Financial Secretary Paul Chan Mo-po had petitioned to bring the 40-year-old firm to an end on the grounds of public interest in September and secured the appointment of two provisional liquidators to safeguard company assets the following month.
But the appointed liquidators, Sammy Koo Chi-sum and Clifford Tsui Chi-chiu of Ernst & Young Transactions, subsequently resigned, prompting the new appointments of Tam and Man last month.
During the brief hearing, senior government counsel Aaron Lam Cheuk-lun said a Registrar’s certificate was obtained earlier this week and all the paperwork was in order. “We respectfully ask for the winding-up order to be granted,” Lam said.
The company did not send any representatives to the hearing and there was no objection to the order.
Lai had previously revealed his wishes to wind up the company, in an application to the High Court for a licence to exercise his voting rights. But that application was eventually put on hold by a court ruling on September 17.
Next Digital has been a key target of Hong Kong authorities in the wake of the adoption in June last year of the Beijing-decreed national security law, which bans acts of subversion, secession, terrorism and collusion with foreign forces.
Police arrested Lai a month after the law kicked in and raided the company’s offices in Tseung Kwan O. Eight senior editors and executives of the tabloid-style Apple Daily newspaper have since been arrested. All directors have resigned.
Authorities have also frozen HK$18 million of Next Digital’s assets.
Known for its support of the 2019 anti-government protests and its backing of the opposition camp in Hong Kong, Apple Daily published its final edition on June 24, about a week after trading in the shares of Next Digital was suspended on the Hong Kong stock exchange on June 17.
Taiwan’s Mainland Affairs Council said on Wednesday that authorities would take necessary actions to prevent personal data of its residents from being handed over to a Hong Kong court-appointed provisional liquidator for Next Digital.
“The government [in Taiwan] is closely following the development of the Next Digital liquidation case and to prevent the leak of any personal data and privacy of our people, relevant authorities would take necessary legal actions to stop related agencies from trying to put their thumbs on the scales of justice as well as freedom and human rights in Taiwan,” the council, which charts cross-strait and Hong Kong policies, said.
The council added that the self-ruled island’s constitution protected personal freedom, freedom of speech, and personal privacy. “Handling and use of such data acquired by new media outlets must strictly follow the law here to prevent them from being leaked or used illegally by others,” the council said, warning that if media outlets no longer needed to use the data, the information should be deleted.

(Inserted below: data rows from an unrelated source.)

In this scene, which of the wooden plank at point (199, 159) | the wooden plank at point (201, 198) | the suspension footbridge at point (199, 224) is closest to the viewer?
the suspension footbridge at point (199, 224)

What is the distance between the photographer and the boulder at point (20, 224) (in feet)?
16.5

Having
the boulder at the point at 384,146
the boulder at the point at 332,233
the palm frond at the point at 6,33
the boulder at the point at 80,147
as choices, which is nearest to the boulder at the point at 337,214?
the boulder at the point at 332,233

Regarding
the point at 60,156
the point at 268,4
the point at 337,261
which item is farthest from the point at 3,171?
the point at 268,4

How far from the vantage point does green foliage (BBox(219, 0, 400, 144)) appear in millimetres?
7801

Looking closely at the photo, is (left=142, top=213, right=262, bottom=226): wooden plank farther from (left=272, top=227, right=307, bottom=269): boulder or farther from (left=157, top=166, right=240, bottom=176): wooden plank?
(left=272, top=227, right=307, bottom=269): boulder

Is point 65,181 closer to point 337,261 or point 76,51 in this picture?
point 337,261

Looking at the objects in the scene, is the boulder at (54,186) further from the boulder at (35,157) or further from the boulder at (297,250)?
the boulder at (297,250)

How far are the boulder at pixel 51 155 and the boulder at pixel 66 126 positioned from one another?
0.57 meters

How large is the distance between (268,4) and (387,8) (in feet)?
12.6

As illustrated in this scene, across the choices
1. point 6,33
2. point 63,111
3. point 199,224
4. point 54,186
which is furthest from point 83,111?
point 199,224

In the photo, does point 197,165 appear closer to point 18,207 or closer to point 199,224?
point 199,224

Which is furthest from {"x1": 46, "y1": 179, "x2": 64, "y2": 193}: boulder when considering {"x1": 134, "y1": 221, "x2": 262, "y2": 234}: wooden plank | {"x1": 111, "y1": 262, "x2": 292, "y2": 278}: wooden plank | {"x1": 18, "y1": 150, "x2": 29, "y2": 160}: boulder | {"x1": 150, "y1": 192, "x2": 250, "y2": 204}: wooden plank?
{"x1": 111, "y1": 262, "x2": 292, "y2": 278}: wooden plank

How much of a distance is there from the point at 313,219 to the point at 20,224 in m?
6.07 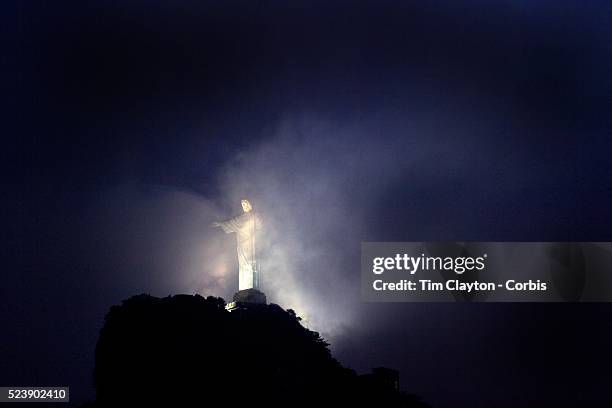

The council’s statement came after local media reported that the court-appointed provisional liquidator for Next Digital had approached Apple Daily’s Taiwanese unit to ask about its assets, including personal data of Taiwanese officials and private sector members.
Local human rights groups said if Hong Kong authorities obtained the data, it would result in the arrests or even jailing of Taiwanese people if they were deemed by the city to have violated the national security law.
Next Digital’s Apple Online in Taiwan did not respond to requests for comment.